Fortunately, Postgres provides functionally to handle all the above meaning the query does not have to handle the individual validations. This is DATERANGEs and the Overlap operator. The difficult work then becomes defining each week with in A. Then employ the Overlap operator on daterange for each week in A against the daterange for B (start_date, end_date). Then do conditional aggregation. for each overlap detected. See full example here.
with problem_list( problem_id ) as
-- identify the specific problem_ids desirded
(select ps.id
from projects p
join problems ps on(ps.id_project = p.id)
where p.id = &selected_project
) --select * from problem_list;
, report_period(srange, erange) as
-- generate the first day of week (Mon) for the
-- oldest start date through day of week of Current_Date
(select min(first_of_week(ps.start_date))
, first_of_week(current_date)
from problem_status ps
join problem_list pl
on (pl.problem_id = ps.id_problem)
) --select * from report_period;
, weekly_calendar(wk,yr, week_dates) as
-- expand the start, end date ranges to week dates (Mon-Sun)
-- and identify the week number with year
(select extract( week from mon)::integer wk
, extract( isoyear from mon)::integer yr
, daterange(mon, mon+6, '[]'::text) wk_dates
from (select generate_series(srange,erange, interval '7 days')::date mon
from report_period
) d
) -- select * from weekly_calendar;
, status_by_week(yr,wk,status) as
-- determine where problem start_date, end_date overlaps each calendar week
-- then where multiple statuses exist for any week keep only the lat
( select yr,wk,status
from (select wc.yr,wc.wk,ps.status
-- , ps.start_date, wc.week_dates,id_problem
, row_number() over (partition by ps.id_problem,yr,wk order by yr, wk, start_date desc) rn
from problem_status ps
join problem_list pl on (pl.problem_id = ps.id_problem)
join weekly_calendar wc on (wc.week_dates && daterange(ps.start_date,ps.end_date)) -- actual overlap test
) ac
where rn=1
) -- select * from status_by_week order by wk;
select 'Project ' || p.id || ': ' || p.description Project
, to_char(wk,'fm09') || '/' || substr(to_char(yr,'fm0000'),3) "WK"
, "Red", "Yellow", "Green"
from projects p
cross join (select sbw.yr,sbw.wk
, count(*) filter (where sbw.status = 'Red') "Red"
, count(*) filter (where sbw.status = 'Yellow') "Yellow"
, count(*) filter (where sbw.status = 'Green') "Green"
from status_by_week sbw
group by sbw.yr, sbw.wk
) sr
where p.id = &selected_project
order by yr,wk;
The CTEs and main operate as follows:
problem_list: Identifies the Problems (id_problem) related the
specified project.
report_period: Identifies the full reporting period start to end.
weekly_calendar: Generates the beginning date (Mon) and ending date (Sun) for each week within the reporting period (A above).

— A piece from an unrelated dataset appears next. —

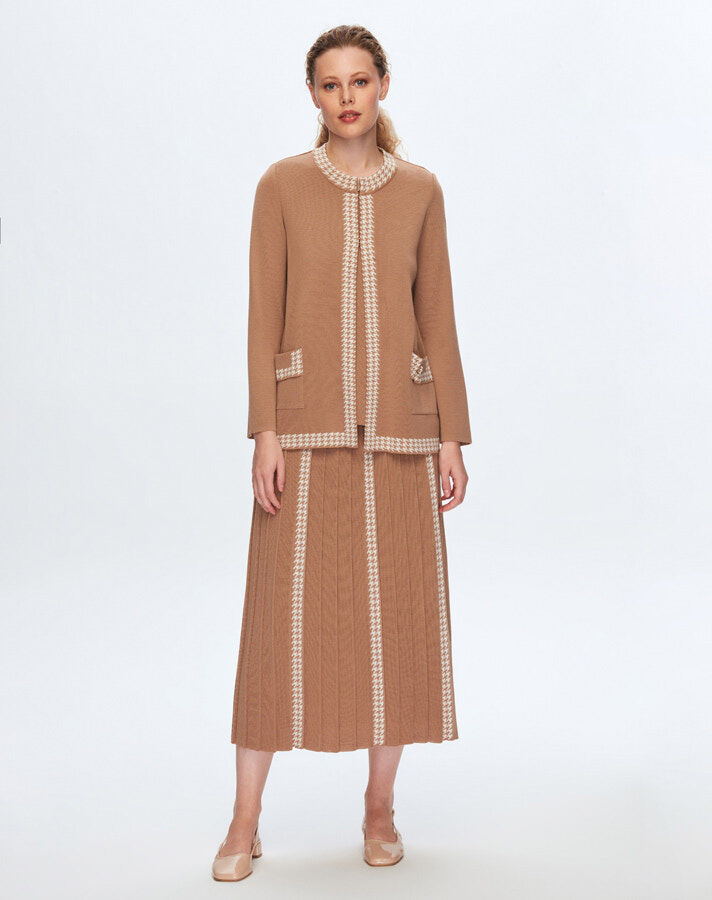 T24K-2008 Houndstooth Pattern Detailed Skirt - 9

Along the
way it also gathers week of the year and the ISO year.
status_by_week: This is the real work horse preforming two tasks.
First is passes each problem by each of the week in the calendar. It
builds row for each overlap detected. Then it enforces the "one
status" rule.
Finally, the main select aggregates the status into the appropriate
buckets and adds the syntactic sugar getting the Program Name.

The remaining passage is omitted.